Okay thats enough CRDT explanations. Now, CRDTs sound awesome (they are), but there are constraints. Not every data structure has a CRDT equivalent. They can also grow unboundedly if not properly maintained, taking up a lot of space. Plus, it doesn’t help that they don’t work for just any arbitrary logic.
“Eventually”….maybe?
Everyone has heard the term and it usually gets hand-waved to “all nodes eventually see the same data”. While that is true, it’s a bit incomplete.
What it actually means is, “if no new writes occur, all replicas will eventually converge to the same value.” Did you notice it? There’s no limit to what “eventually” could be. It could be milliseconds (ms) or minutes.
In the real world, most AP systems converge fairly quick. Amazon’s DynamoDB replication typically happens within a second across all storage locations within a region. DNS propagation can take hours. The variance is huge.
What matters is whether your application can handle that time, the inconsistency window. Some can, and some absolutely can’t.

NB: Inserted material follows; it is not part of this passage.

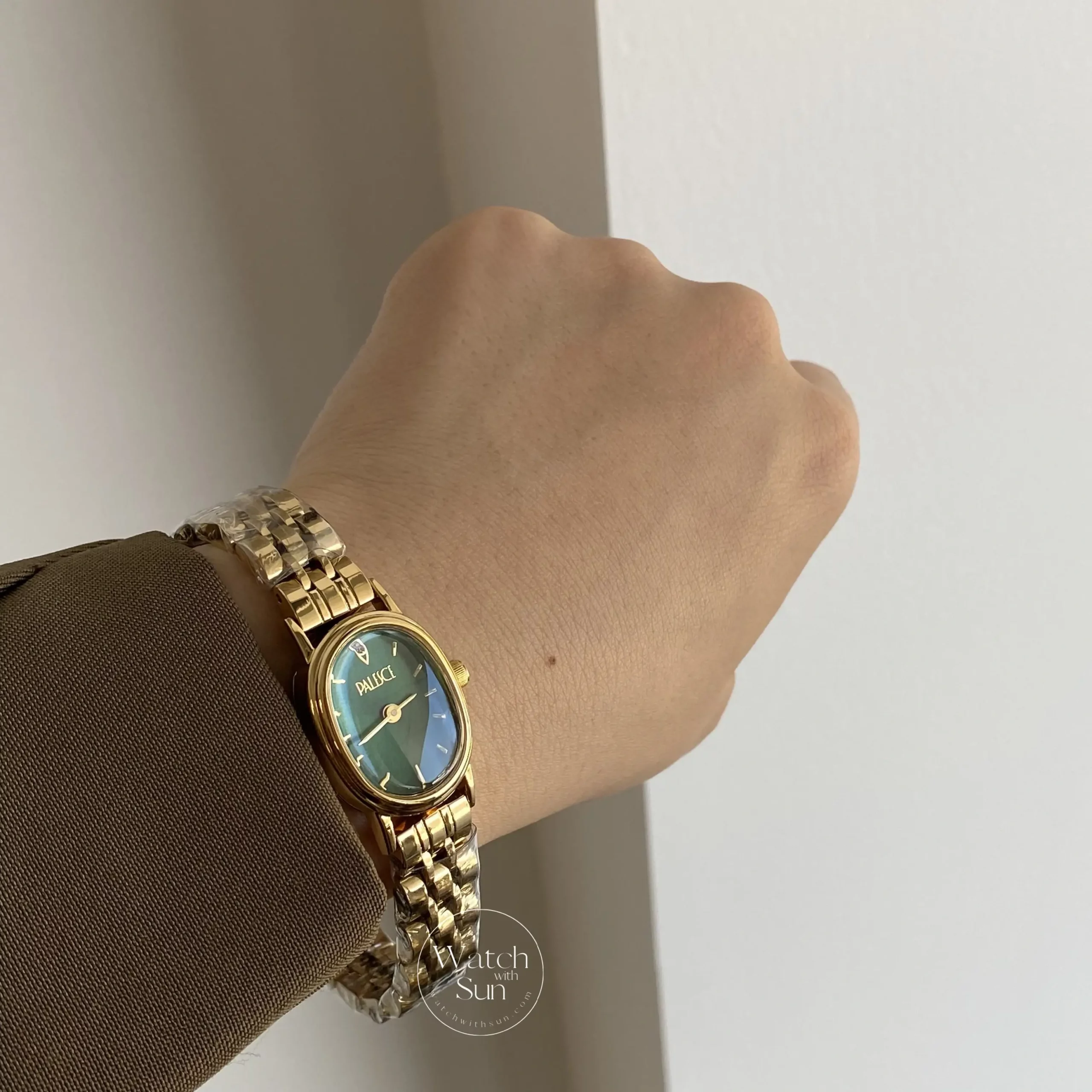 Oval Face Gold/Emerald Green Dial Bracelet Watch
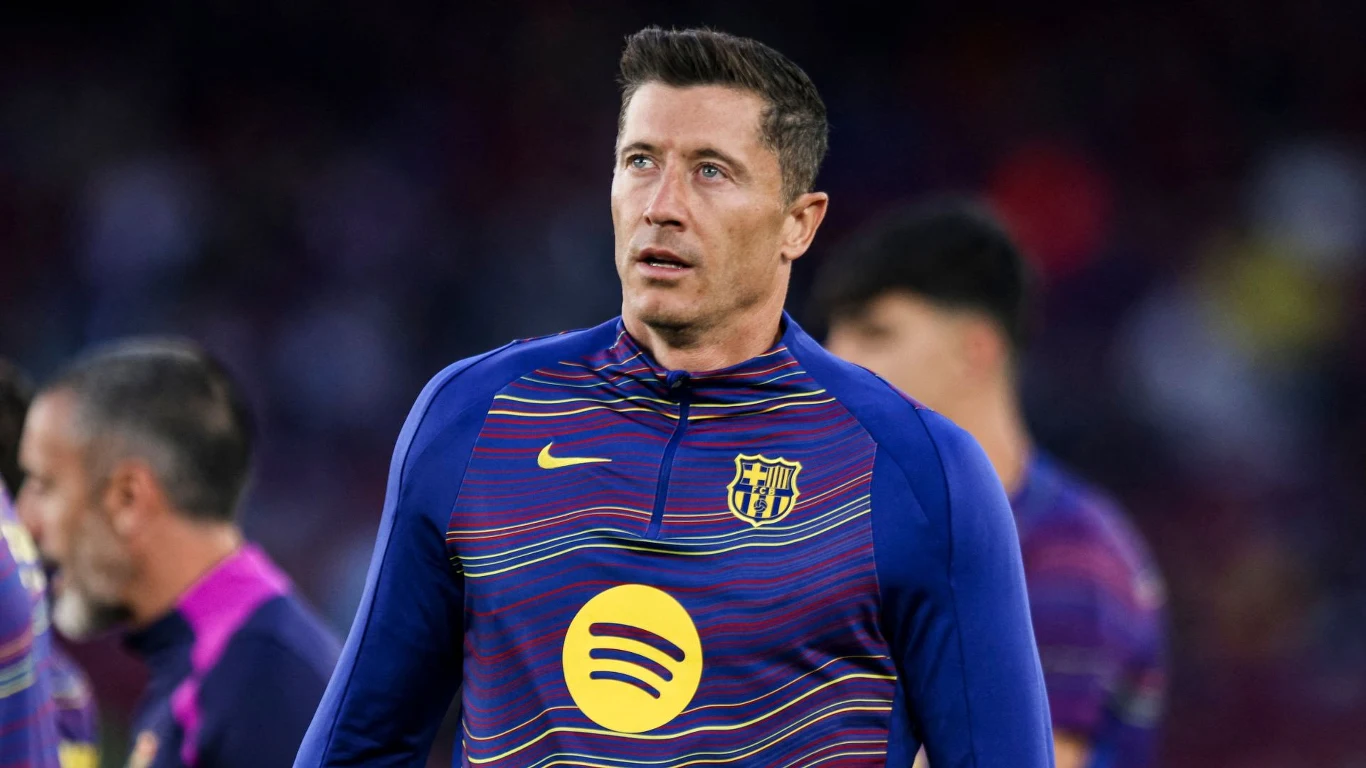 Piłkarz w stroju treningowym FC Barcelony z herbem klubu i logotypem sponsora na klatce piersiowej, skoncentrowany przed rozpoczęciem meczu.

Stronger? Eventual Consistency
Not all forms of eventual consistency are the same. Some are stronger than others. These stronger models give you more guarantees while still being weaker than linearizability.
Read-Your-Writes
If Client A performs a write, future reads from the same client are guaranteed to see that write. Other clients may or may not see the updated write just yet, but Client A is guaranteed to see the updated write. This is what users typically expect from most applications (i.e “I just posted a comment, I should be able to see it”).
Monotonic Reads
This consistency model guarantees that once a client has read a value, it will never see an older version of that value on subsequent reads. Time does not go backwards. Without this guarantee, a client can refresh the page and see new data disappear.
Causal Consistency
In this consistency model, if Operation A caused Operation B (A happens before B and B depends on A), then everyone must see Operation A before Operation B. You’ll always see them in the right order. The cause comes before the effect, everywhere (hence it’s name….causal). Imagine seeing a seething reply to a comment without seeing the comment first. That would be a bit confusing as the end user.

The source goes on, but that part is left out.